The process, step-by-step would be:

  • Use Selenium to open the top 100 pages, and grab the link to each individual movie (We only need 50 so the first page would be enough).
  • Go to each movie’s page and grab the link to their respective `User Reviews` page.
  • Then we can go to each movie's ‘User Reviews’ page and extract the content of the reviews, store them into a list and create our dataframe.

All set, let’s check out some code:

** Note that I will put a link to github for the full notebook at the end, the embedded code here is for illustration purpose only **

1. Install the packages:

Both can be installed with pip in the command line:

pip install seleniumpip install beautifulsoup4

2. Import the libraries:

import selenium#webdriver is our tool to interact with the webpage
from selenium import webdriver
import requests #needed to load the page for BS4from bs4 import BeautifulSoupimport pandas as pd #Using panda to create our dataframe

3. Setup webdriver for Selenium and load the webpage

To use selenium, we will need to download the webdriver file corresponding with our browser. We’re using Chrome here: https://chromedriver.chromium.org/downloads

Make sure that our Chrome version is the same with the webdriver (for example, we will use the 89.0 version here, just the first 2 digit of the version is enough).

#path to the webdriver file
PATH = r"C:\chromedriver.exe"
#tell selenium to use Chrome and find the webdriver file in this location
driver = webdriver.Chrome(PATH)
#Set the url link and load the webpage
url = 'https://www.imdb.com/search/title/?groups=top_100'
driver.get(url)

So from now on, we can treat the driver object here as the webpage itself and do all sorts of stuff as discussed above to it. If you run the code up until this point, you will see the website pop up.

4. Extract data

One of the most common tasks we want to do when scraping data is to locate and extract a specific element from the webpage. We can manually find it by inspecting the HTML code of the page.

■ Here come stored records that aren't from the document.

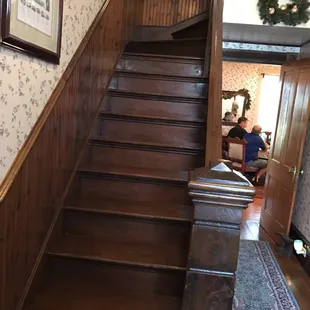 Stairs going to the upstairs rooms.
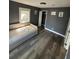 Cozy bedroom with gray walls, wood-look floors, and a comfortable daybed, offering a relaxing and stylish retreat at 8702 El Portal Dr, Tampa, FL 33604
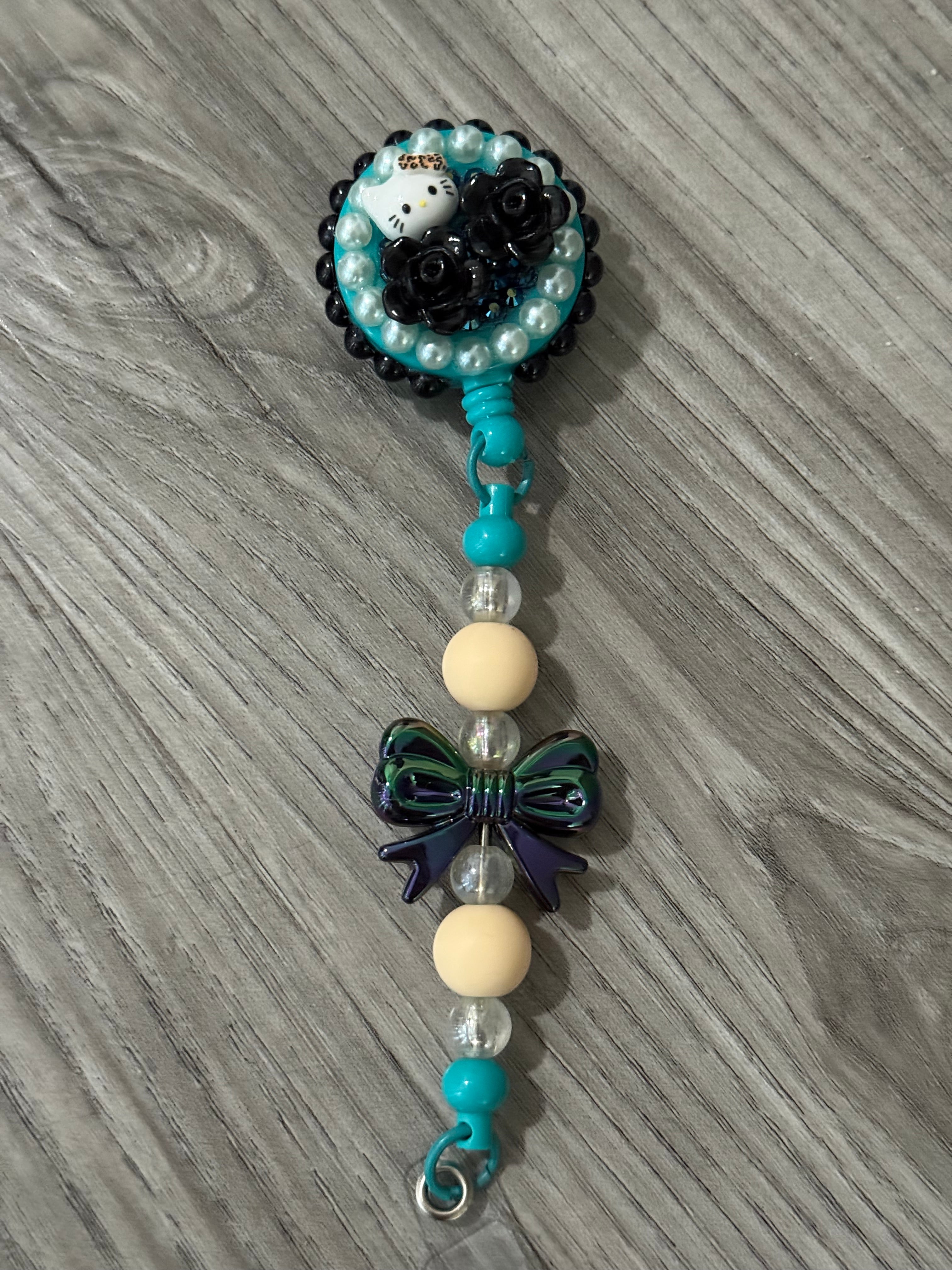 Cute badge reel featuring a playful design with a Hello Kitty inspired character, black roses, and turquoise accents, complemented by a decorative bow and colorful beads.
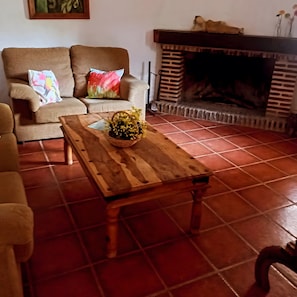 Un saló amb un sofà, una taula de centre de fusta i un arranjament floral, i una llar de foc.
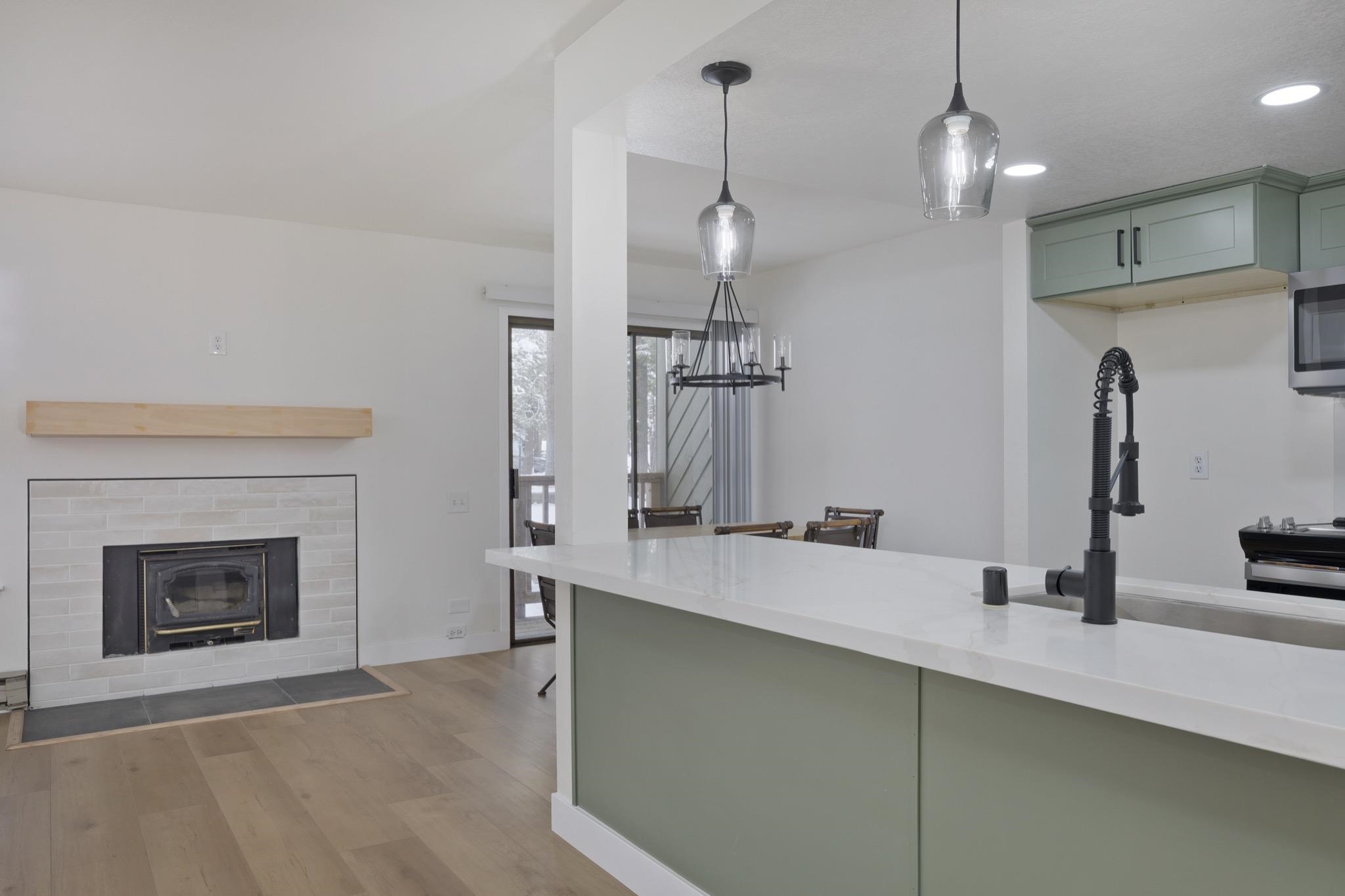 152 Viewpoint Road, Unit 105 Mammoth Lakes, CA 93546 - Photo 11 of 29 a kitchen with kitchen island a sink stainless steel appliances and a fireplace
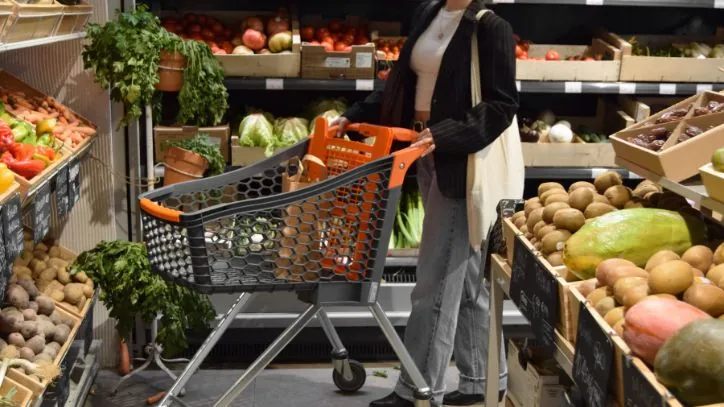 Woman pushing a shopping cart in a grocery store
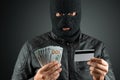 Robber, a thug in a balaclava holds a credit card in his hands on a dark background. Robbery, hacker, crime, theft. Copy space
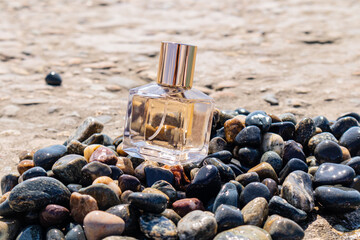 Glass perfume bottle with gold cap on a pebble beach with the sea in the background. Presentation of the summer fragrance of luxury perfume.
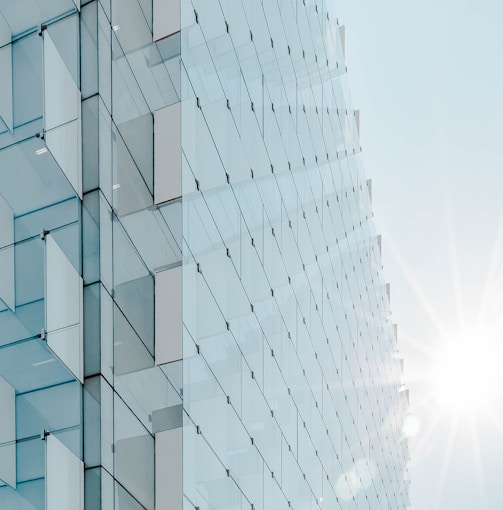 glass panel high-rise building under blue sky with sun raise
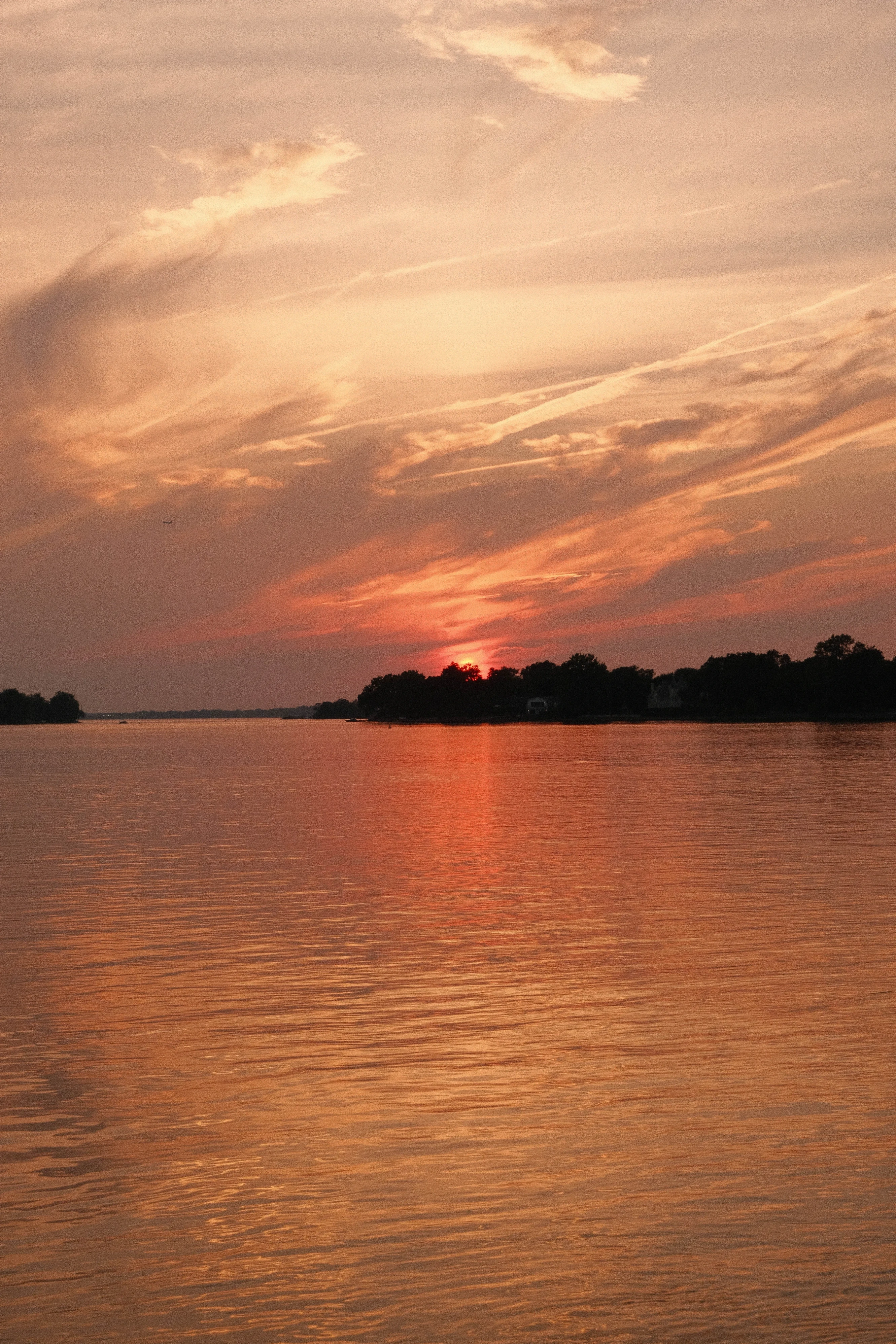 A beautiful sunset over a calm lake. The sky is ablaze with orange and pink hues, with wispy clouds streaking across it. The sun dips below the horizon, casting a warm glow on the water. Silhouetted trees line the shore.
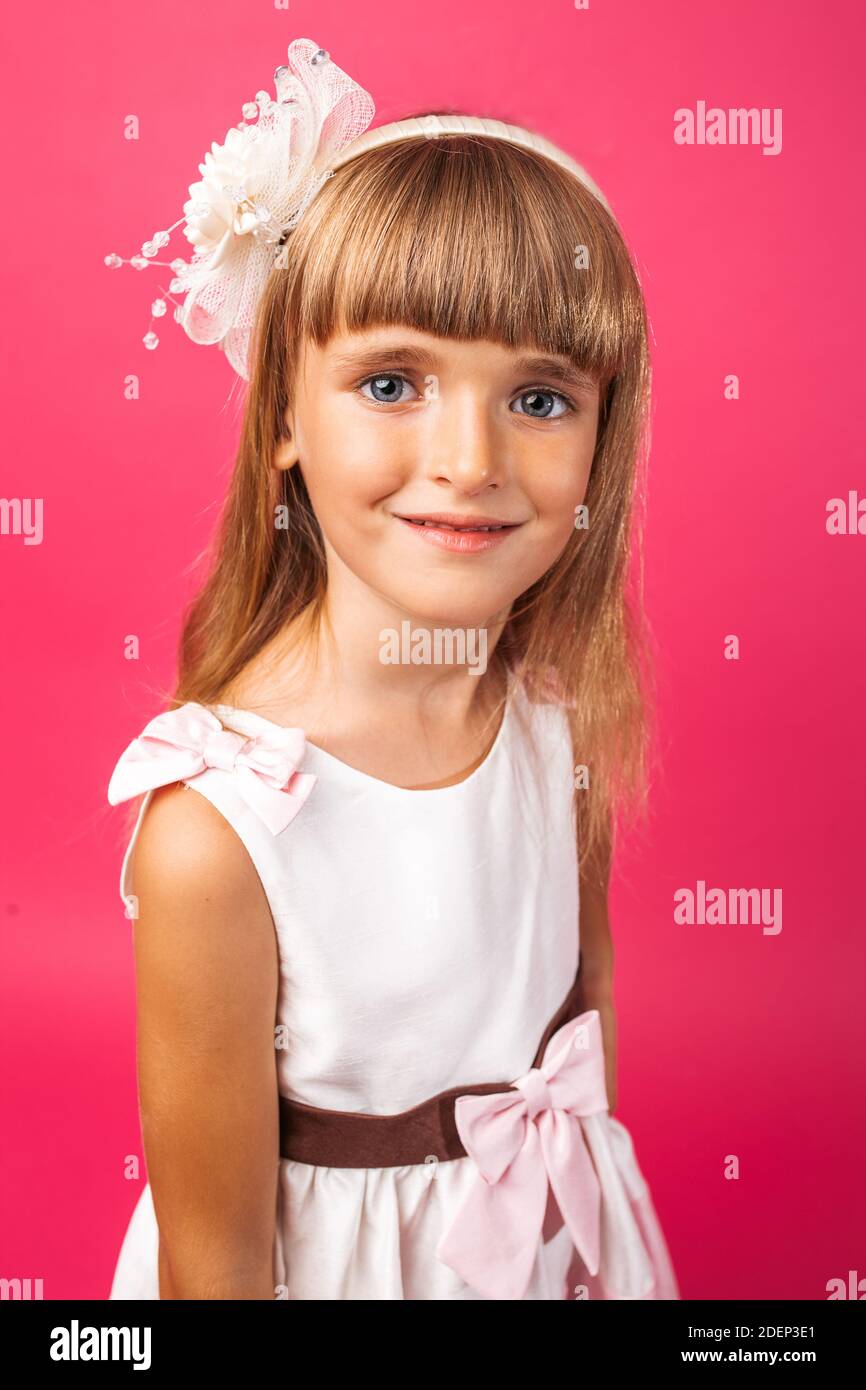 Porträt eines schönen kleinen Mädchens, auf einem rosa Hintergrund im Studio Stockfoto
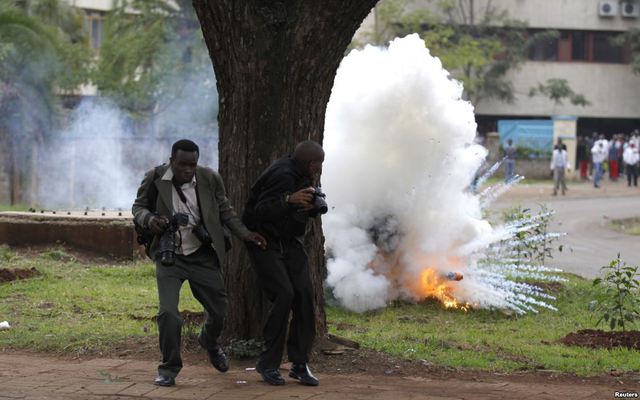Các phóng viên ảnh chạy khỏi lựu đạn hơi cay do cảnh sát ném để giải tán sinh viên biểu tình ở thủ đô Nairobi, Kenya.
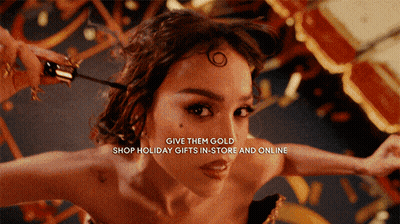 A Woman With The Words Give Them Gold Shop Holiday Gifts In Store And Online Above Her GIF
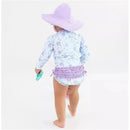 Toddler wearing a floral ruffle one-piece rash guard with long sleeves and a purple sun hat, holding a toy.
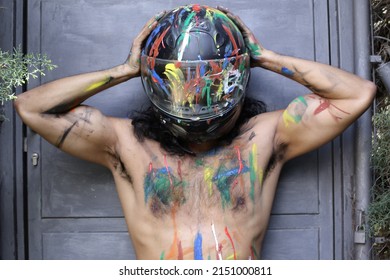 Muscular unrecognizable motorcycle rider with artsy body paint 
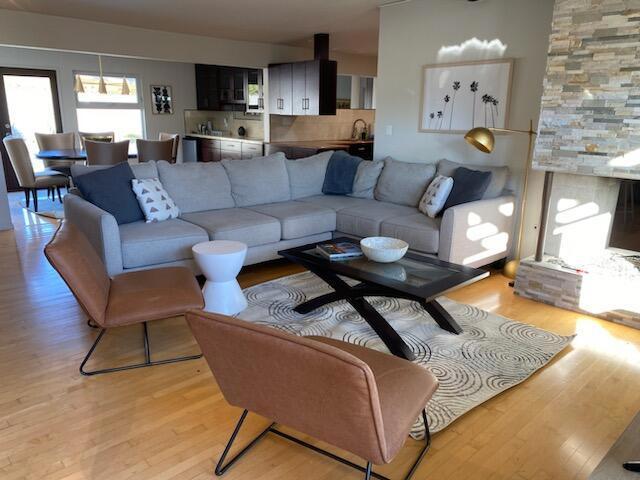 living room with light hardwood / wood-style flooring and sink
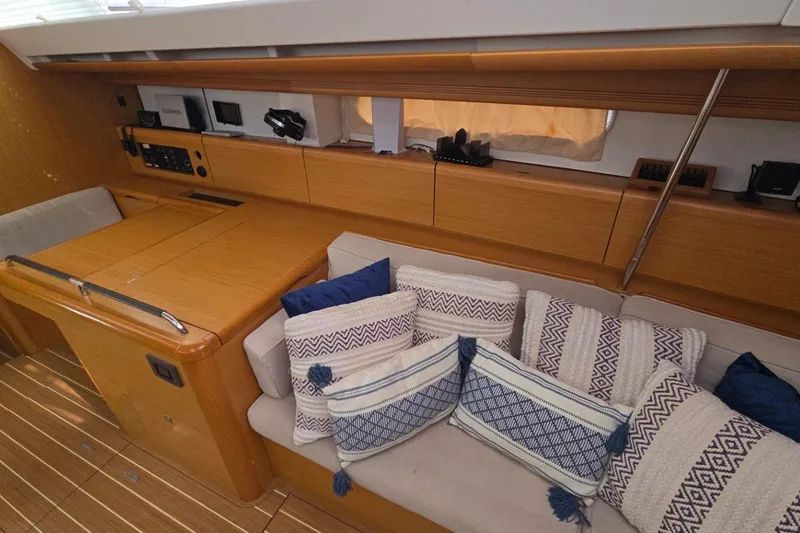 Slide: The Image of Interior of 2011 Jeanneau Sun Odyssey 50 DS with cozy seating and nautical decor. - 57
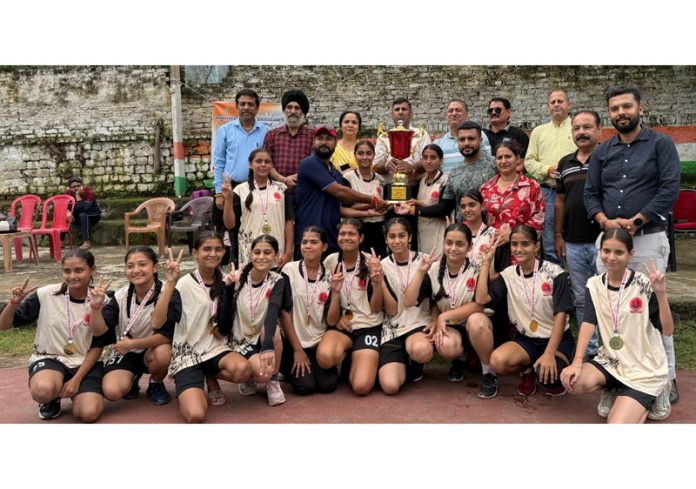 Winning team posing along with dignitaries. Winning team posing along with dignitaries.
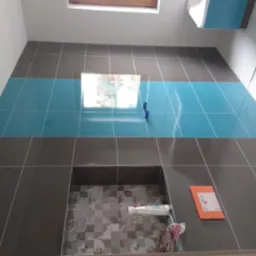 Wykończona ściana w łazience z szarymi i turkusowymi płytkami, widoczne narzędzia glazurnicze, poziomica i resztki materiałów budowlanych w otworze na umywalkę.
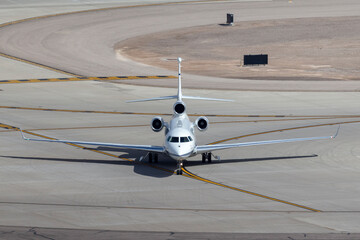 Luxury business jet airport on the taxiway at an airport after landing.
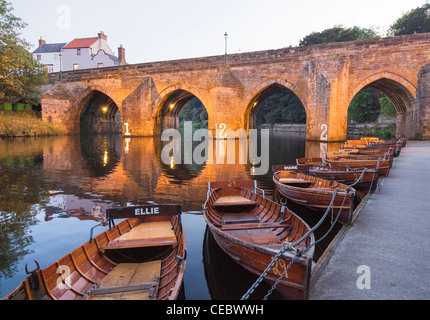 Elvet Brücke über den Fluss zu tragen, mit Reflexion und Vergnügen Ruderboote zu mieten vertäut am Ufer Flusses in Durham, England Stockfoto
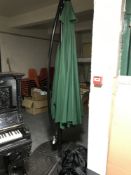 A garden canterleaver parasol on stand and stand weights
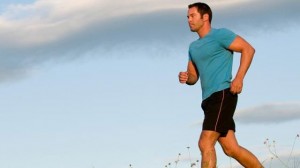 man-jogging-against-blue-sky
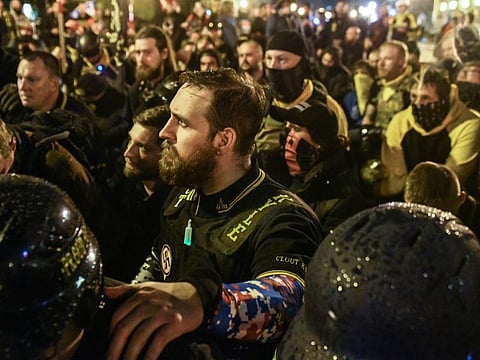 Members of the pro-Trump, far-right Proud Boys group pray for a member who was stabbed during a protest on December 12, 2020 in Washington, DC. Thousands of protesters who refuse to accept that President-elect Joe Biden won the election are rallying ahead of the electoral college vote to make Trump's 306-to-232 loss official.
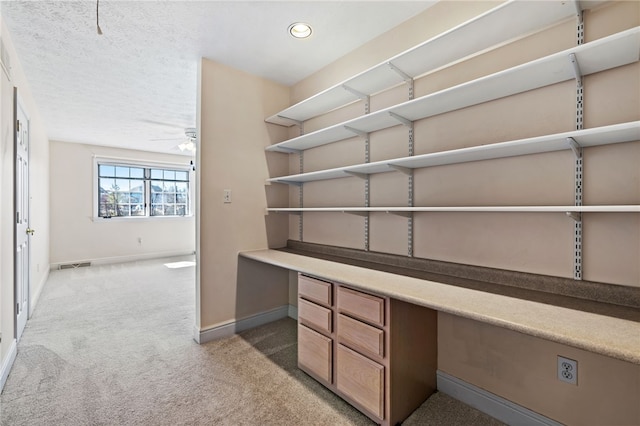 unfurnished office with a ceiling fan, visible vents, baseboards, built in desk, and light carpet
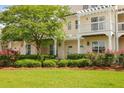 Charming two-story home with a pergola, lush greenery, and vibrant pink roses in the landscaped yard at 1825 Brittlebush Ln, Johns Island, SC 29455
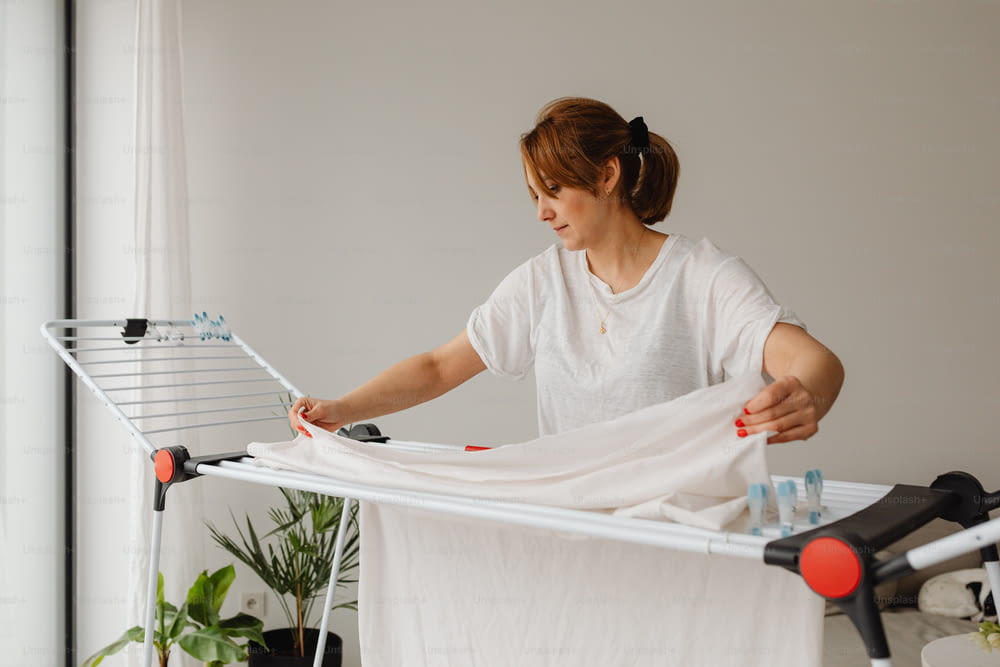 Eine Frau bügelt Kleidung auf einem Bügelbrett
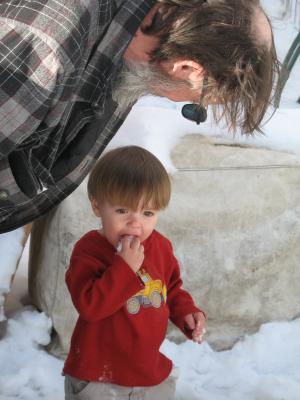 Johnathan eats some snow.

We want to extract the name and the hyperlink to an individual movie, which can be found with the class name ‘lister-item’, then within this class, we can find the name and link of this movie.

It sounds complicated at first, but you can just try to inspect the page, hover the mouse over each element and it will make much more sense.

Note that getting the hyperlink required a little bit of cleaning after getting the movie’s name. After that, we can put them all into a for loop to run through all 50.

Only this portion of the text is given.